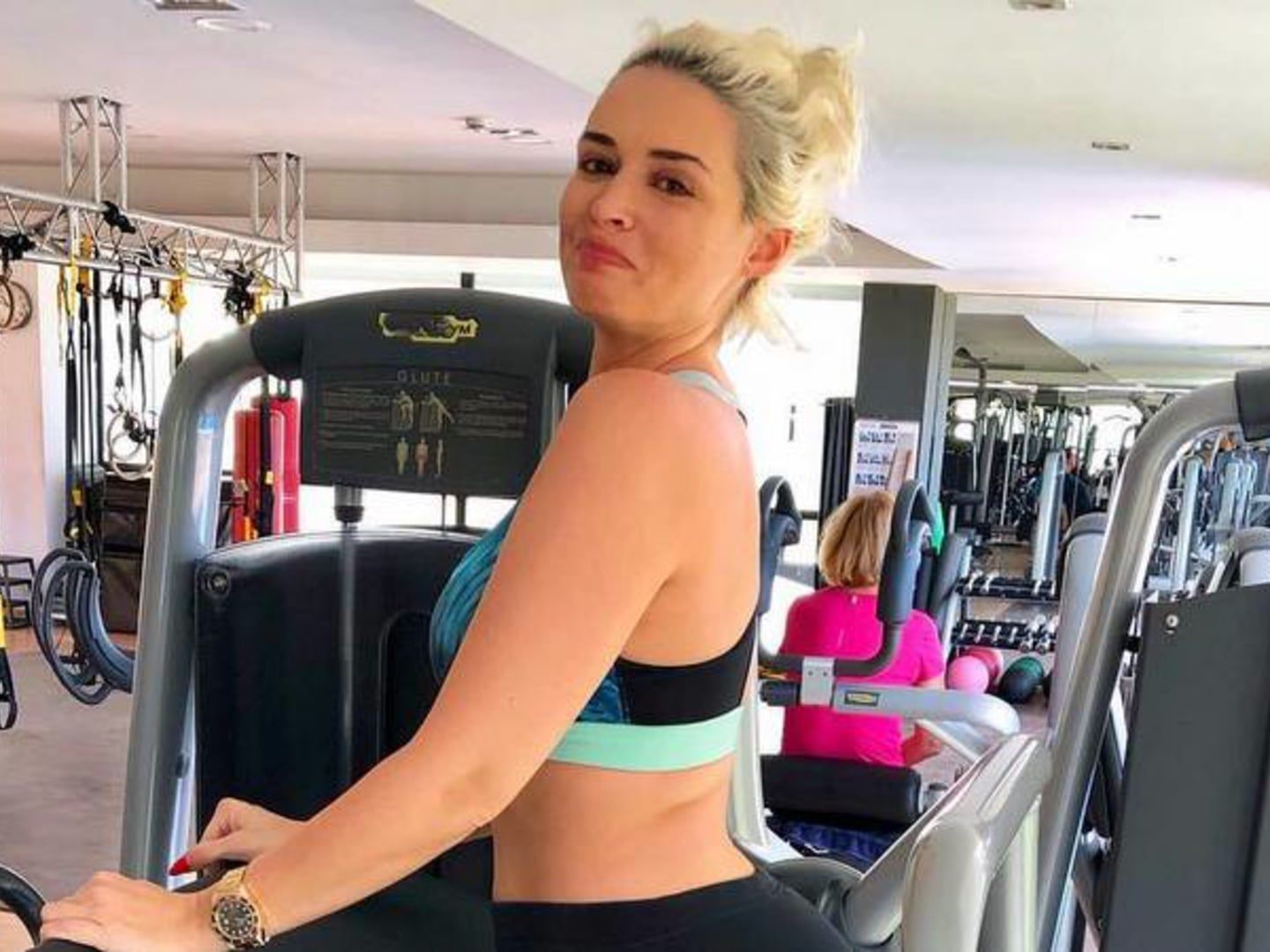 Die Katze geht regelmäßig ins Fitnessstudio.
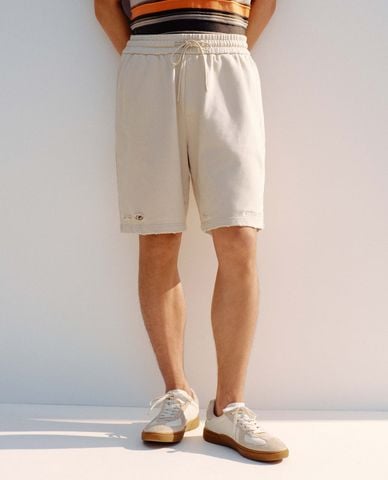  URBAN REVIVO - Quần short nam ngang gối lưng thun 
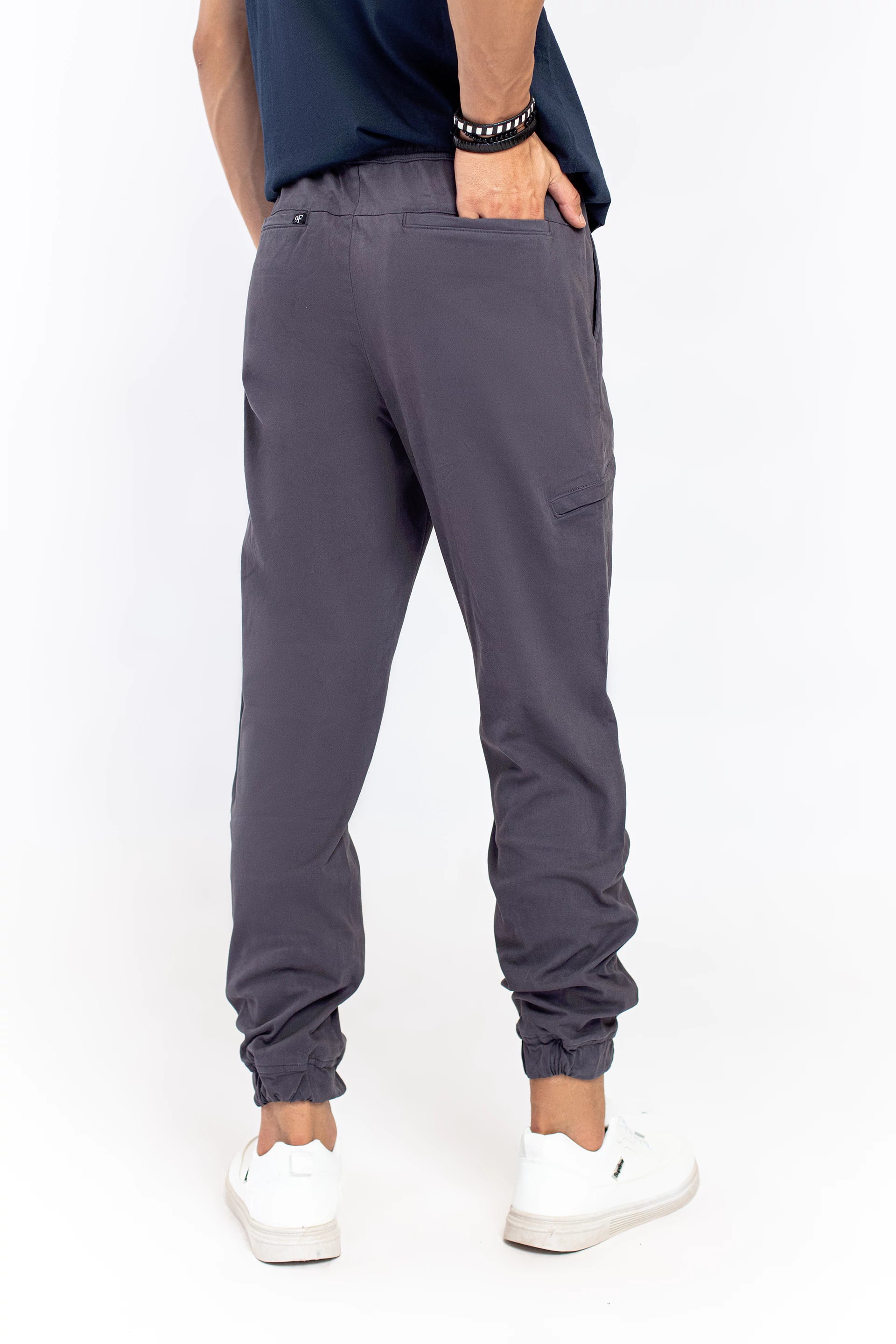 Relaxed Cargo Pants - 9figure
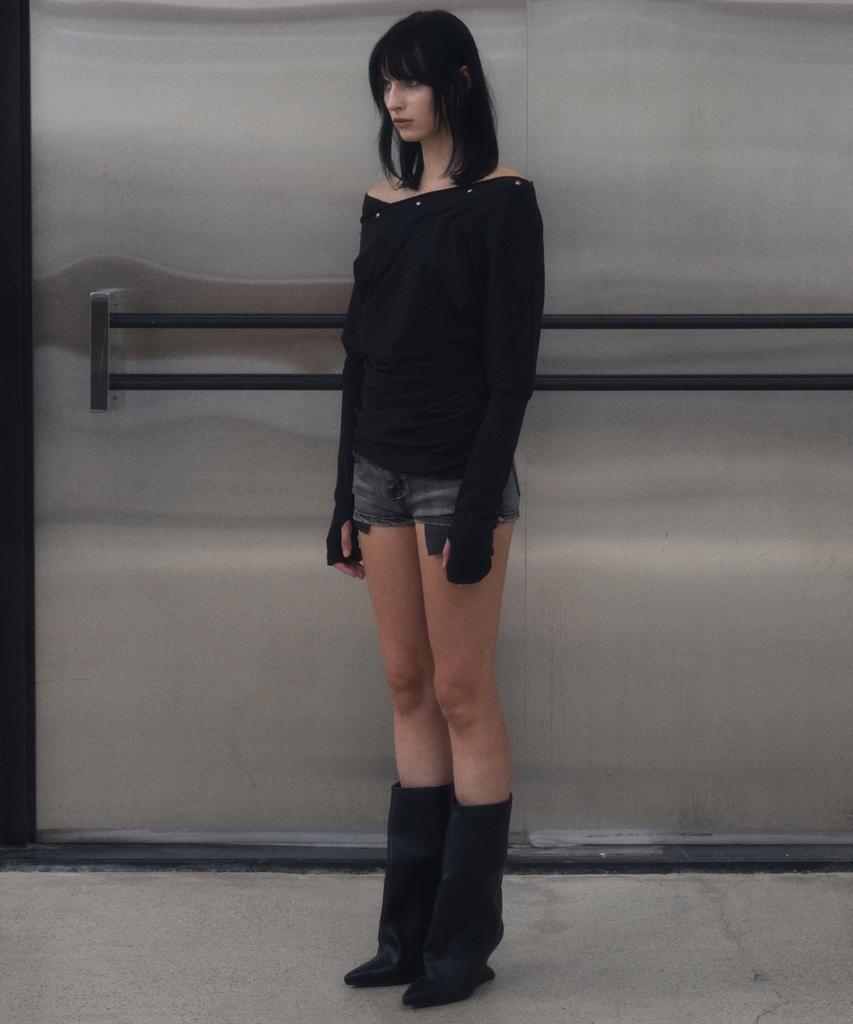 GINSEUKI Studded Off-Shoulder Shirring Long Sleeve (Black)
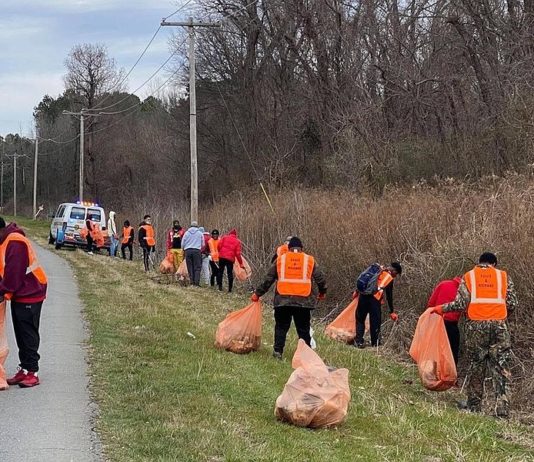 Kappa Kleans push targets trash in city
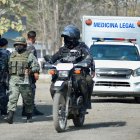 Fotografía de la salida de vehículos de medicinal legal retirando los cuerpos de reos fallecidos, la semana pasada en la cárcel de Guayaquil (Ecuador).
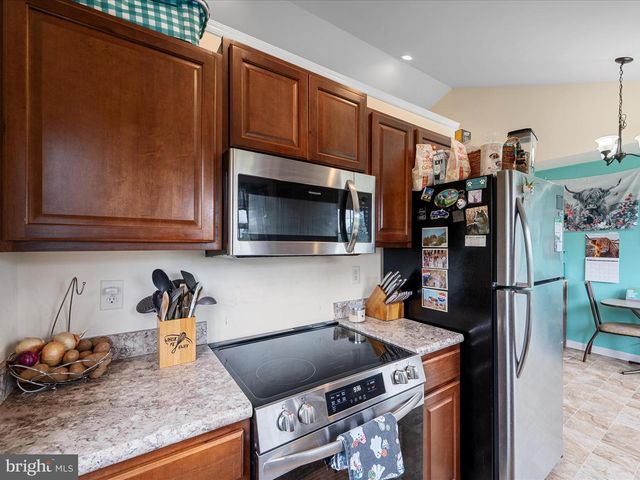 42 BAILEY LN, Capon Bridge, WV 26711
• • • • •
_Task to carry out:_
Output each entry shown above exactly as it stands, with all pictures removed.

_Problem solution:_
 Die Katze geht regelmäßig ins Fitnessstudio.
  URBAN REVIVO - Quần short nam ngang gối lưng thun 
 Relaxed Cargo Pants - 9figure
 GINSEUKI Studded Off-Shoulder Shirring Long Sleeve (Black)
 Kappa Kleans push targets trash in city
 Fotografía de la salida de vehículos de medicinal legal retirando los cuerpos de reos fallecidos, la semana pasada en la cárcel de Guayaquil (Ecuador).
 42 BAILEY LN, Capon Bridge, WV 26711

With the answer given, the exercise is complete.